CHARLOTTE, N.C. (January 11, 2004) -- In 1974 a young, 15-year old Charles Carpenter first strapped into a 1955 Chevrolet Bel Air and began his drag racing career. Since then, there have been 30 Super Bowls, six Presidents (two named George Bush), the end of the Cold War, two Gulf Wars, the fall of the Berlin Wall, and the introduction (and quick demise) of New Coke. During all this time, one thing has remained constant -- Carpenter's involvement in drag racing behind the wheel of his beloved '55 Chevrolet.

Today, at 45, Carpenter is older but far from slower. In fact, he is now running the best times and fastest speeds of his three-decade-long career.

"When I first got started in racing we were running 11-seconds and around 100 mph for a quarter-mile pass and thought we were really flying," said Carpenter. "At Rockingham (N.C.) last October I laid down my best runs ever, clocking a 6.247 ET and more than 224 mph."

Over the years, Carpenter has owned five different drag cars, each of them a 1955 Chevrolet Bel Air. Today, his claim of owning "The World's Fastest '55" is valid and the current model, adorned in purple and yellow, is among the most popular on the Pro Modified circuit. And while many of his competitors use the same body style, such as a Corvette or Camaro, Carpenter remains the sole '55 Chevy in Pro Mod competition.

Because of his devotion to this car, Carpenter has been named by many as "Father of the Pro Mod."

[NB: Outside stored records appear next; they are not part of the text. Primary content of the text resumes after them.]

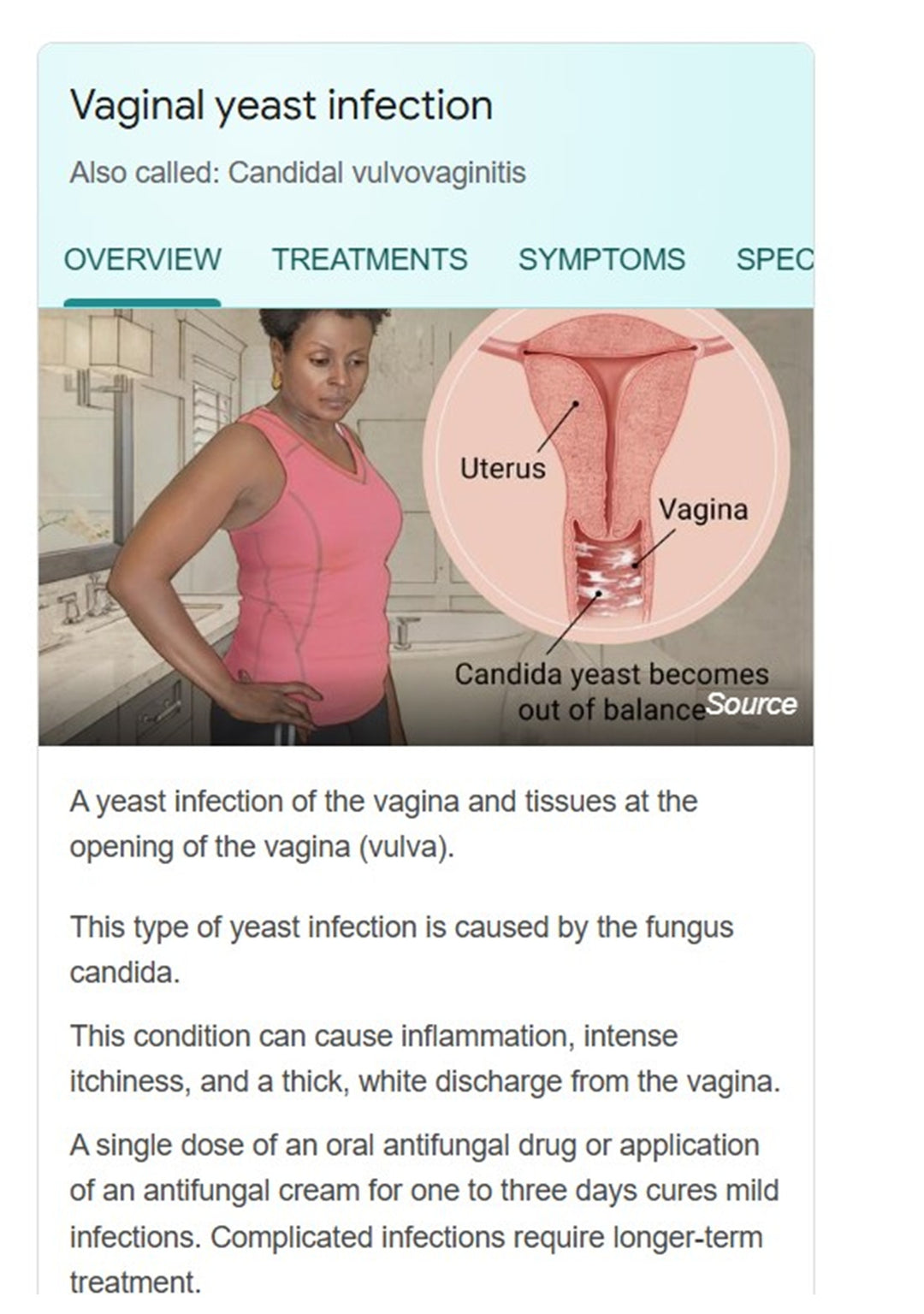 ELIMINAR LOS HONGOS VAGINALES Y CANDIDIASIS - matar los hongos y candidiasis naturalmente - MADE IN USA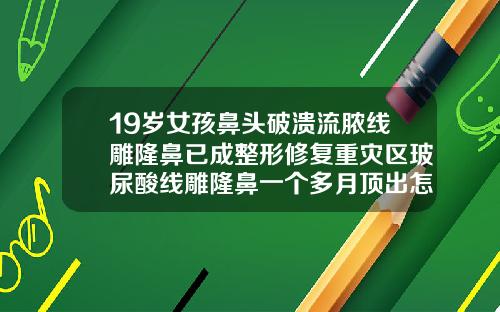 19岁女孩鼻头破溃流脓线雕隆鼻已成整形修复重灾区玻尿酸线雕隆鼻一个多月顶出怎么办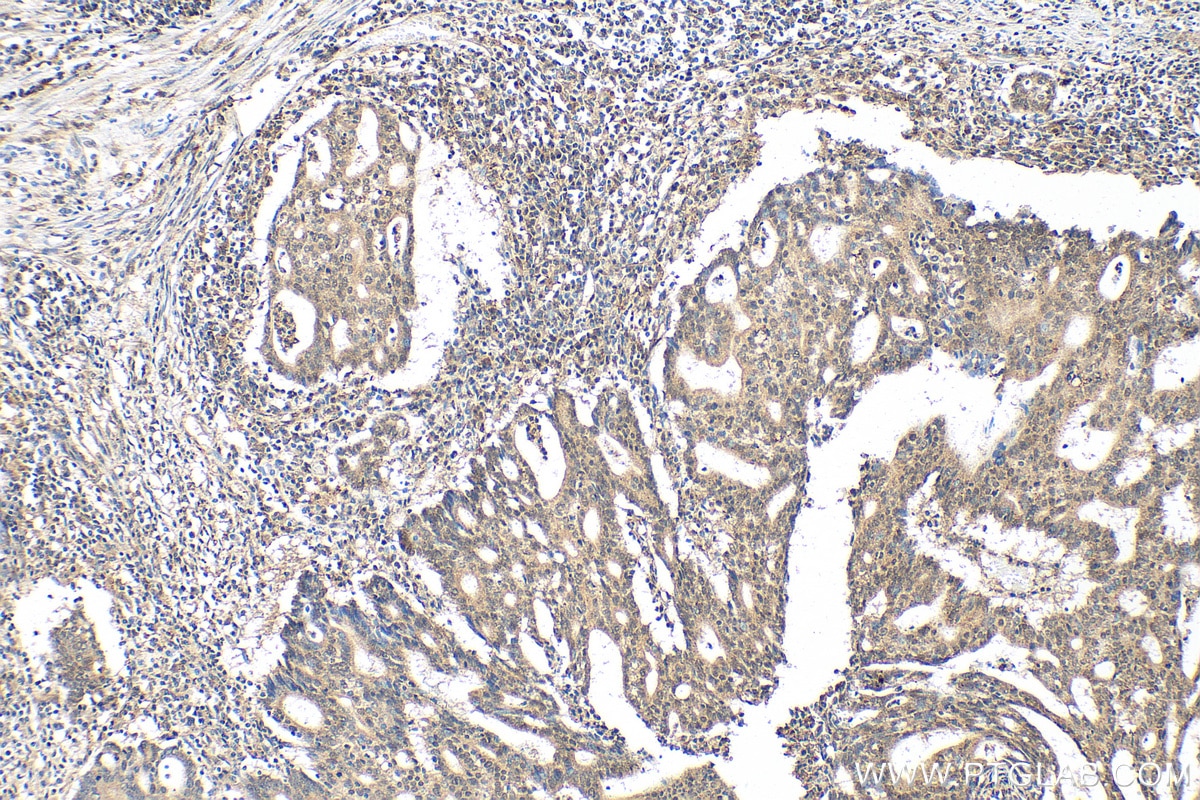 Immunohistochemistry (IHC) staining of human endometrial cancer tissue using YPEL3 Polyclonal antibody (15403-1-AP)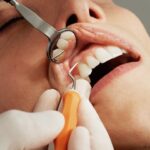 How to Care for Your Teen After Their Wisdom Teeth Are Pulled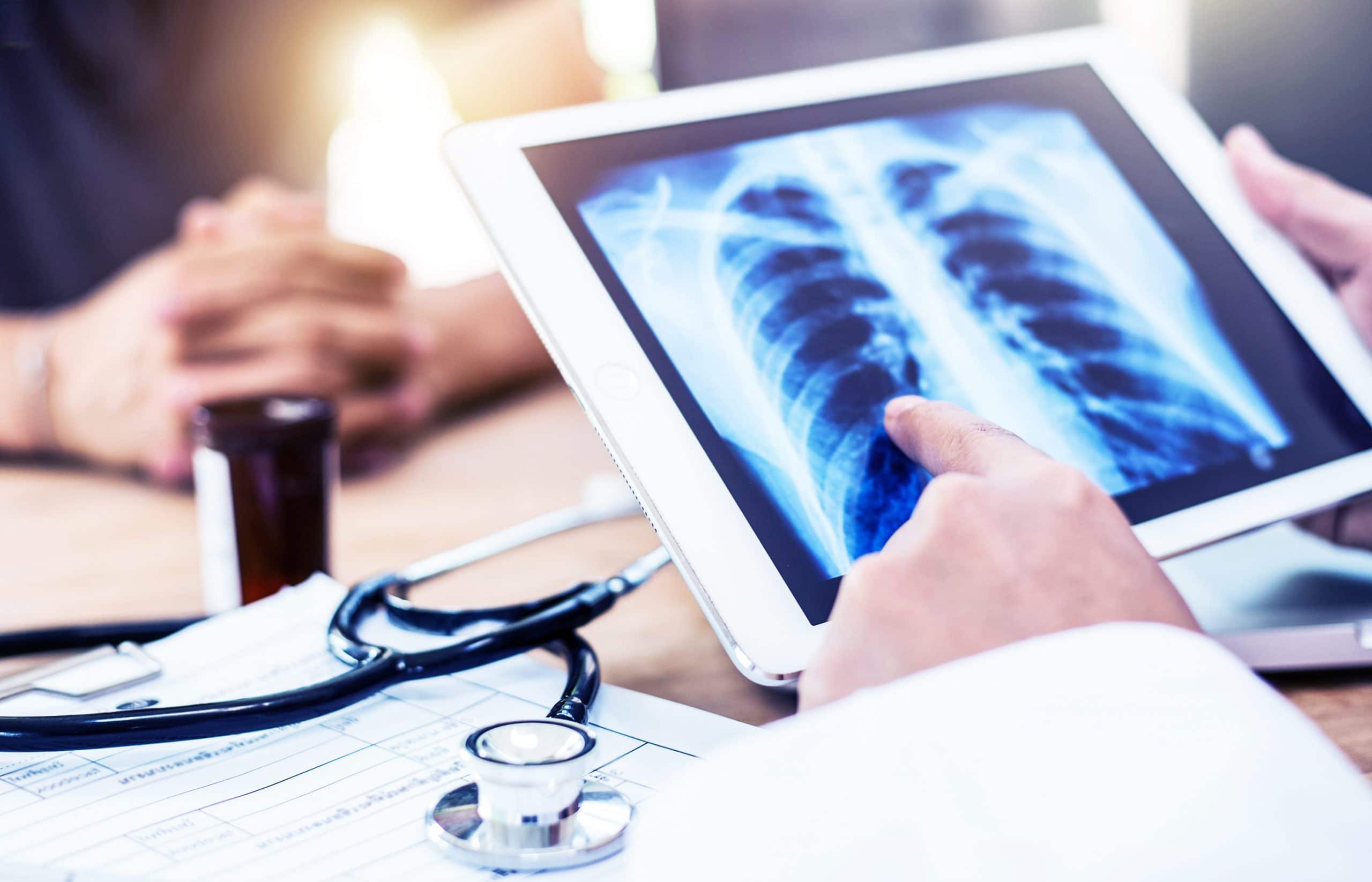 This is an image of a doctor explaining the specific type of lung cancer to the patient.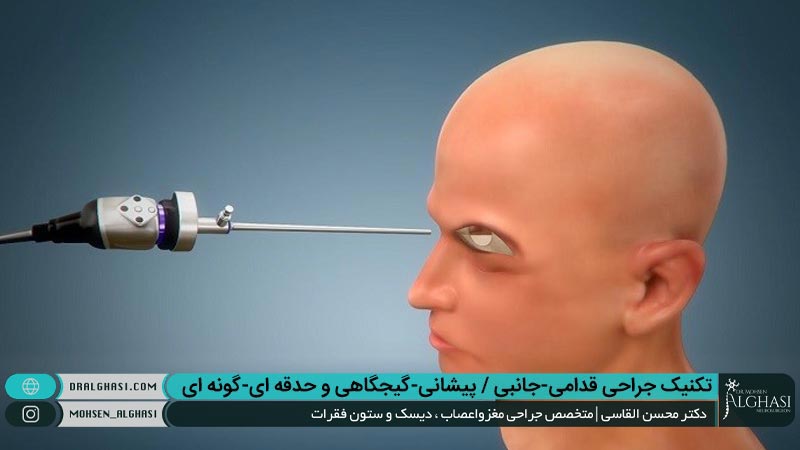 روش جراحی قدامی-جانبی / پیشانی-گیجگاهی و حدقه ای-گونه ای
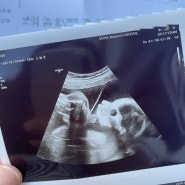 임신일기 16. 24주 임당검사, 쌍둥이 배크기, 대전 서울여성병원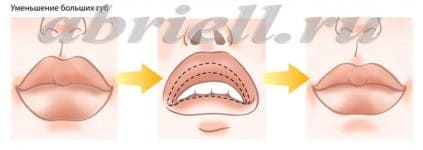 Уменьшение объема губ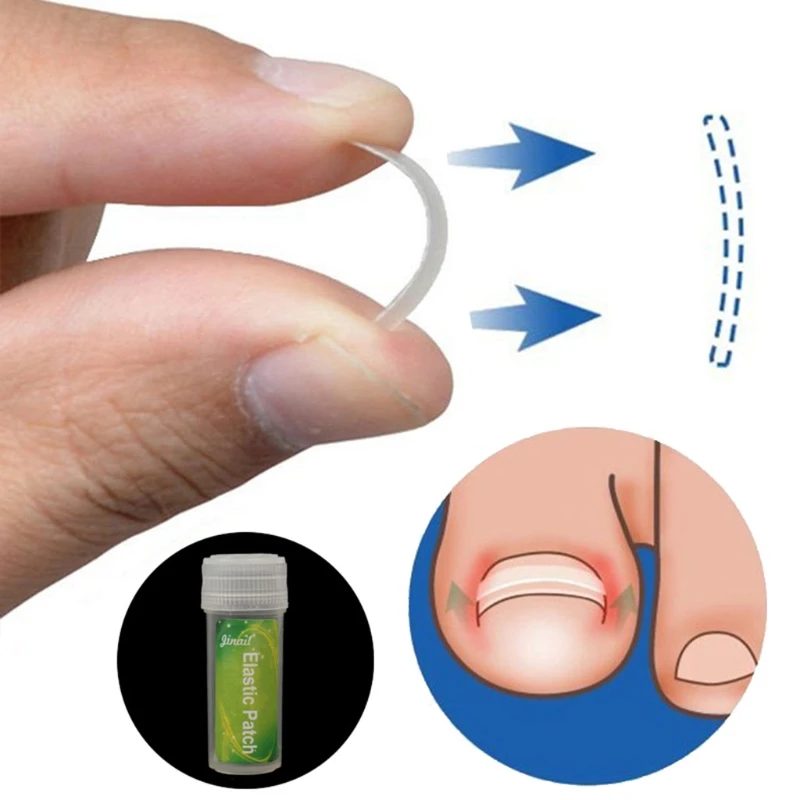 Инструмент для коррекции вросших пальцев ног, выпрямляющий пластырь для ухода за ногами
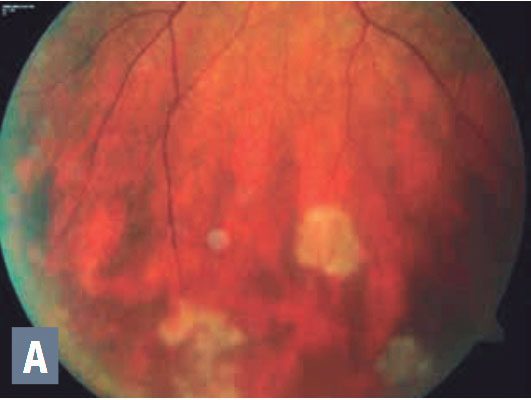 Imagen de uvelitis no infecciosa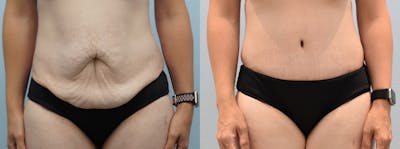 Tummy Tuck Before & After Gallery - Patient 142681451 - Image 1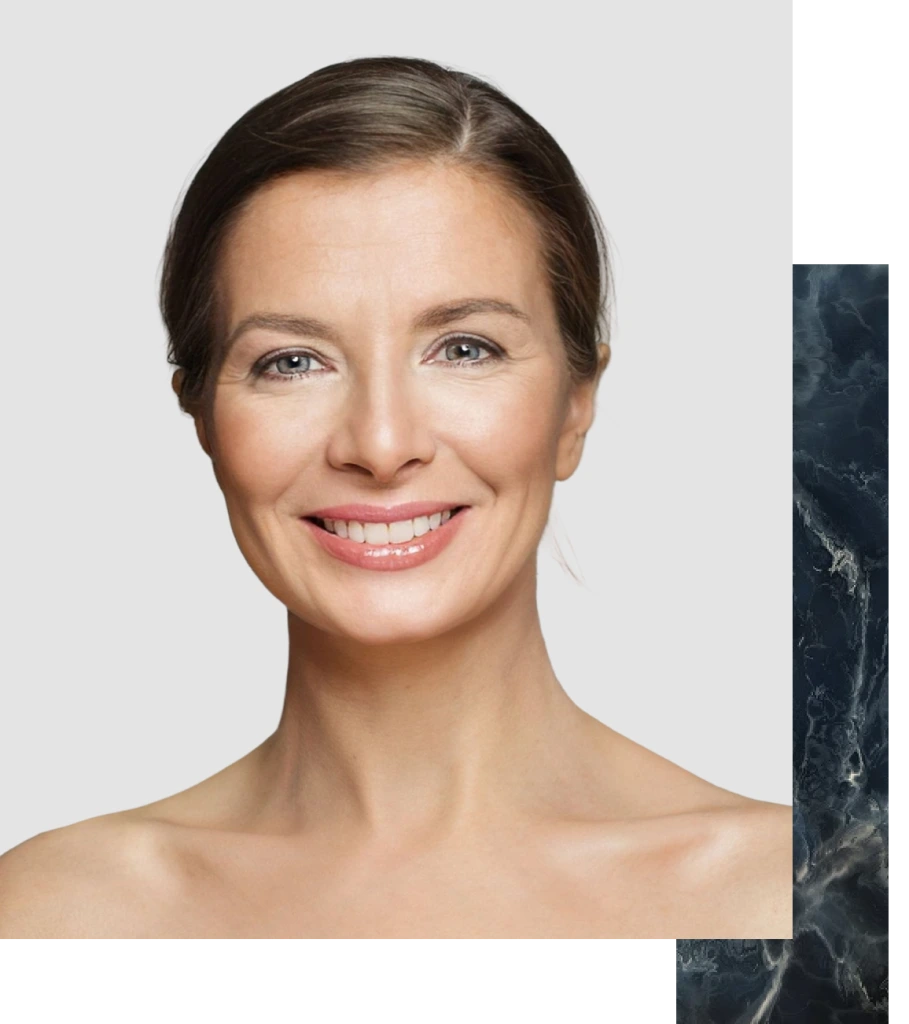 Woman with defined cheekbones smiling at camera, demonstrating buccal fat removal results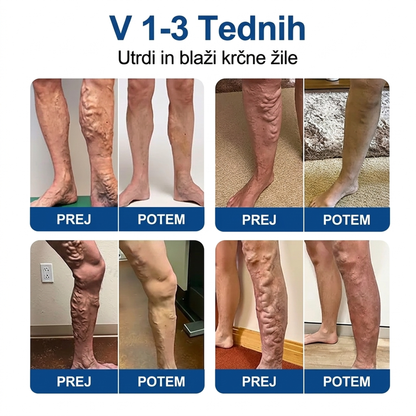 ✅ ✅✅Medistart® Visszérápoló Mikrotűs Gondozó Tapasz ⚡ Azonnali Megkönnyebbülés, Hosszú Távú Eredmények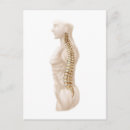 Pesquisar por coluna vertebral cartoes postais Médico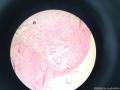 乳腺纤维腺瘤？腺病？图6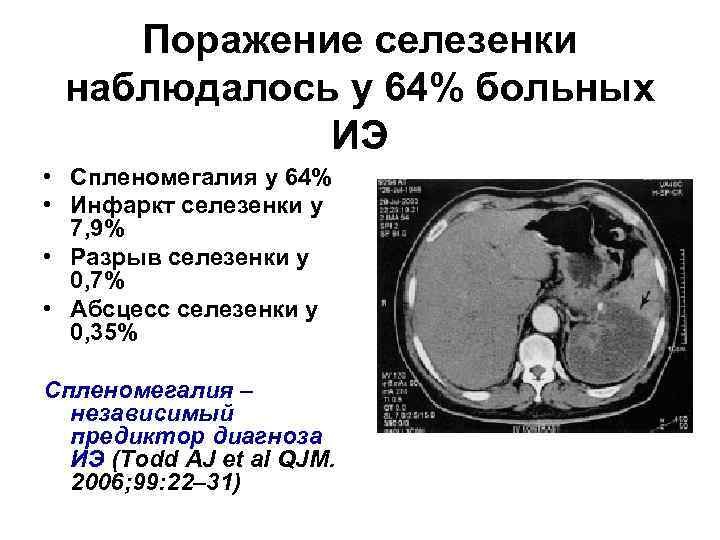 Поражение селезенки наблюдалось у 64% больных ИЭ • Спленомегалия у 64% • Инфаркт селезенки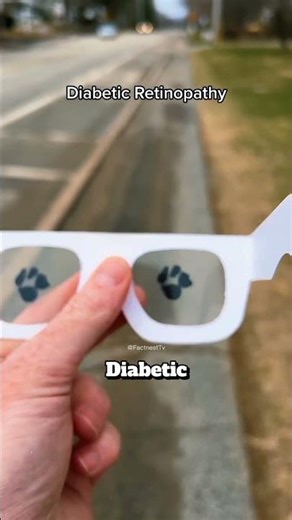 This is what blind people actually see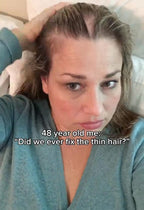 Red Light Therapy for Hair Fast Growth Cap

"The 'Father of the Pro Mod' really was an accidental thing," explained Carpenter. "When I started racing the '55 Chevys, they were still popular in class racing. We ran in many different types of class competition and the car was still an accepted body style (used by other competitors). Then in the mid to late '70s, more aerodynamic and smaller cars started appearing on the race tracks -- the Vegas, the Monzas -- cars like that. There were also Camaros, of course.

"Finally, it got to a point that my car was almost not competitive and then IHRA allowed us nitrous oxide. That was in the early '80s and when we started using the nitrous it suddenly caught me up with these smaller, more aerodynamic cars. Then the media picked up on it and they loved it. They liked that a 'shoebox' -- a big, boxy car -- was out here racing with these little sleek cars and that started the Pro Modified drive."

No slouch behind the wheel, Carpenter really can't tell you the number of victories he has captured over the years, but estimates them at more than 200. He was twice national points champion in the Super Chevy Series (1988, '89) and was the 1992 United States Super Circuit champion. Carpenter was the first of the nostalgia car drivers to break the 200-mph barrier, as well the first to break into the seven-second and six-second elapsed times. Carpenter has set more than 20 track records, as recently as this past August at Eddyville (Iowa) Raceway.

Carpenter has developed a legion of fans over the decades, some with personal memories of the '55 Chevy, others from watching his career over the years.

"I've developed quite a following over the years," Carpenter admitted. "Everywhere I go people come up and tell me that they watched me race at some little track, like Shuffletown, years ago and have been a fan ever since. I have to laugh because quite a few of those tracks that I used to race at are no longer even around -- most have been turned into housing developments."

It is not just the fans that have been loyal to Carpenter, either. He has had several sponsors remain with his program for a number of years, including Custom AutoSound and Buddy's Automotive Concepts.

"I've had some sponsors come and go like every race team," reflected Carpenter. "Custom AutoSound and Buddy's are unusual in that they have stuck by my side through thick and thin for nearly 15 years. Now I've got some new sponsors, such as Embee Performance Coatings and Country Motors Trailer Sales that are excited about using racing to market their products and their enthusiasm is motivating me to have 2004 be my best season yet."

When asked about the most significant changes that he has noticed over the years, Carpenter replied with an unexpected answer. "Now you can buy everything," said Carpenter. "You can even go out and buy a complete race car and head straight out to the track. Thirty years ago that was impossible. Back then we adapted things, fabricated and reworked almost every part that went on the race car."

While cruising the pits at the races, spectators often see the drivers off to the side watching as their crew prepares the car. Today's teams often divide up the duties so that the driver does little else. On the other hand, Carpenter is a throwback to the "olden days" and takes a hands-on approach to setting up his car. Fans asking for his autograph at the races are likely to get some clutch dust along with a signature. After 30 years of doing things himself, it isn't likely that Carpenter is going to give up turning a wrench anytime soon.

And since Carpenter has no plans to hang up his helmet anytime soon, fans of the "World's Fastest '55" can look forward to watching him for years to come. Could we see a 50th Anniversary for Carpenter in the future?